IT後進国と言われて久しい日本ですが、かくいう筆者の勤務先でも「時代はAIだ」「ITパスポート取れ」「プログラミング言語勉強しろ」といった今更感満載のにわかDX運動が巻き起こっており、泣く泣くPythonを勉強することになってしまいました。

しかし、単に勉強するだけではつまらない上、野球のデータ分析でもPythonが使われているらしいので、趣味も兼ねて分析のような実験をしてみたいと思います。

上記の通り、書いている人間は初心者な上、記事の内容も大したことはありません。
ですが、「数字に興味はあるけどプログラムってなんですか」という方のお役に立てばこれに勝る喜びはございません。

よくあるつまづきポイント

分析は料理と似たところがあります。料理には食材と調理器具が必要ですが、分析にも食材となる「データ」と調理器具となる「ツール」が必要になります。色々なWebサイトで数字を目にしますが、どこもこの料理のようなことをやっています。

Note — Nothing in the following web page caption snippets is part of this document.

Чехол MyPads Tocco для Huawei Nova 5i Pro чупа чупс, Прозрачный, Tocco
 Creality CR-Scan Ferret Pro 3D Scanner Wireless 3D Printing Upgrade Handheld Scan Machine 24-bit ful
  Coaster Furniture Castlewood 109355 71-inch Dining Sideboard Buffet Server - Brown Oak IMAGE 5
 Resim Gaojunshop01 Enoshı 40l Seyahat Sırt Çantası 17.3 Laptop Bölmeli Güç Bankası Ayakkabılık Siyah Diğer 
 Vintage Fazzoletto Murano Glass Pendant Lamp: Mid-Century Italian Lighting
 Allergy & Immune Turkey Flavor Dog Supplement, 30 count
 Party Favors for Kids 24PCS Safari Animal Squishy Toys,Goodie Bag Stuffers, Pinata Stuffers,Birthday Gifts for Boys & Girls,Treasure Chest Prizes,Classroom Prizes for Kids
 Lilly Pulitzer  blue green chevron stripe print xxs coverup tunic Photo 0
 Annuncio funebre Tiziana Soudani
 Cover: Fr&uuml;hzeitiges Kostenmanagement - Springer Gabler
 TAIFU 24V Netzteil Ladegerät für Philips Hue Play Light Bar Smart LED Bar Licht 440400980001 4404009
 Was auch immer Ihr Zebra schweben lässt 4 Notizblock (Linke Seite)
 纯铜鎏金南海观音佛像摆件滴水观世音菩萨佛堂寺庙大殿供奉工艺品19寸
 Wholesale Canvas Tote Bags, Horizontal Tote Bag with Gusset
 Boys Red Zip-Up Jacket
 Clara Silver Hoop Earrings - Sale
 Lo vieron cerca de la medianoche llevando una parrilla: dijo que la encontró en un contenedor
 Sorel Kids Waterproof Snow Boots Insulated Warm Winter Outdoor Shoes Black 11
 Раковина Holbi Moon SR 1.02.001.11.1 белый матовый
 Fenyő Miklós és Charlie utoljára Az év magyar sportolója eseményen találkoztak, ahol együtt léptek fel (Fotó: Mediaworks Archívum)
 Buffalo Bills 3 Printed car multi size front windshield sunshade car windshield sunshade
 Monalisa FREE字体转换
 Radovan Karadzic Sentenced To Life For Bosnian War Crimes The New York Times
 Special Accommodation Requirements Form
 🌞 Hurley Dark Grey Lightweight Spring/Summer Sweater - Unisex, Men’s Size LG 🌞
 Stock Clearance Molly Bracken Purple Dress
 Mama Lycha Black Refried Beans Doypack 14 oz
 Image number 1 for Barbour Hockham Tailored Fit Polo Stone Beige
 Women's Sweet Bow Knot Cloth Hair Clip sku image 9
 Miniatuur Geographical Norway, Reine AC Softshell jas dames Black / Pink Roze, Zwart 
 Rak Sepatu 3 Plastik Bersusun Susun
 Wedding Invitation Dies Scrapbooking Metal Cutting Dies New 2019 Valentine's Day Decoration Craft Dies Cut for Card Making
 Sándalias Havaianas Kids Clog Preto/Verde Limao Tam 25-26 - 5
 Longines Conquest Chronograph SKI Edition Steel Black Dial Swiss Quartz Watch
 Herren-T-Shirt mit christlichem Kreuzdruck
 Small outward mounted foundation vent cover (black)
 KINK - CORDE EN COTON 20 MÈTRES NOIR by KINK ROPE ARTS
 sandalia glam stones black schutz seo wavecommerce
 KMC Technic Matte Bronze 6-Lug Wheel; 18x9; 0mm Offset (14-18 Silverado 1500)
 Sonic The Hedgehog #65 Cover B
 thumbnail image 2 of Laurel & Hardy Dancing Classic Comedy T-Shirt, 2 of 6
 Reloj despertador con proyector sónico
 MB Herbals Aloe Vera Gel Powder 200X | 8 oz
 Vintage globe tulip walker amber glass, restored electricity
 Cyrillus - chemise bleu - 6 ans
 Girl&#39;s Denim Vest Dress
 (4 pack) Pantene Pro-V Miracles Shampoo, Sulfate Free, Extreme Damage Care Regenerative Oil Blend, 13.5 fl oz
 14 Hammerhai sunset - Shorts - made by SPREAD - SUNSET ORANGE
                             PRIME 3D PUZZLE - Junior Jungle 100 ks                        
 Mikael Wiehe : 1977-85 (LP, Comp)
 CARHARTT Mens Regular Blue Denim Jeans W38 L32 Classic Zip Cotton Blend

「では自分もやってみたい」となる(なってくれたらいいなあ…)のですが、いざこれに手をつけると結構な壁にぶち当たります。大きなものは2つあると思います。

素材(データ)の問題

分析とは「ある物事を分解して、それらを成立させている成分・要素・側面を明らかにすること」です。つまり、分析の対象となる「ある物事」、つまりデータはある程度大きくなければいけません。しかし、このデータを探す段階で問題が2つあります。

  1. まとまったデータがない
    日本人なので日本のプロ野球(NPB)のデータを使いたいところですが、悲しいかな、NPBには一般人が使えるまとまったデータの塊が存在しません。毎日の試合のデータをちまちま集めて塊にすることもできますが、それなりに苦行なのでやはり悲しい気持ちになります。

  2. まとまったデータがあってもでかすぎる
    まとまったデータは存在するものの、その行数や容量が大きすぎると、処理の上で問題が起こりえます。数十万行もあるデータをExcelで開くと数分かかったりしますが、大きなデータを扱うにはそれに適したツール(調理器具)が必要になります。

調理器具(ツール)の問題

前述のように、大きなデータを扱うためには、それに適したツールが必要となります。具体的に言えば、小さなデータを扱うならばExcelでも十分ですが、大きなデータを扱うにはRやPythonといったプログラミング言語を駆使することが必要となってきます。
しかし、ここでも問題が2つあります。

  1. 環境構築が面倒
    プログラミング言語を使うためには、それを実行するための環境をお使いのPC等に構築しなければなりません。
    知識がある人ならば簡単かもしれませんが、素人が手を出すとかなり手間取ります。慣れない黒い画面、指示通りにコマンドを書いても出てくるエラー等々、思い通りにいかない現実の中で自分でも何をしているのか分からず、悲しくなって結局嫌になりがちです。

  2. 奥が深すぎてとっつきにくい
    RやPythonといった言語は実際のビジネスでも使われるように、実用的かつ広範囲に応用可能なものです。プログラミング言語の中では情報が多く、難易度は低めとされますが、そうは言ってもプログラミング言語です。ボタンを押せば済むようなものではなく、文字で指示を与える必要があります。
    様々なサイトを見ればサンプルも豊富にあります。しかし、右も左もわからないうちは何をしているのかがさっぱり分からず、疎外感を味わうこともあります。これが積み重なると、やっぱり嫌になって投げてしまいがちです。

で、どうするの?

ここまで「素材(データ)」と「調理器具(ツール)」の問題を述べましたが、文句ばかり言っても始まりません。そのような人は会社の働かないおじさんで十分です。
では、どうすれば良いのでしょうか。

データの対策:MLBのデータを使う

NPBにおけるデータの問題は前述の通りですが、かたやメジャーリーグ(MLB)ではこのようなデータの塊が一般にも無料で開放されており、これを使って気軽に分析を行うことが可能です。よって、今回はMLBのデータを使用します。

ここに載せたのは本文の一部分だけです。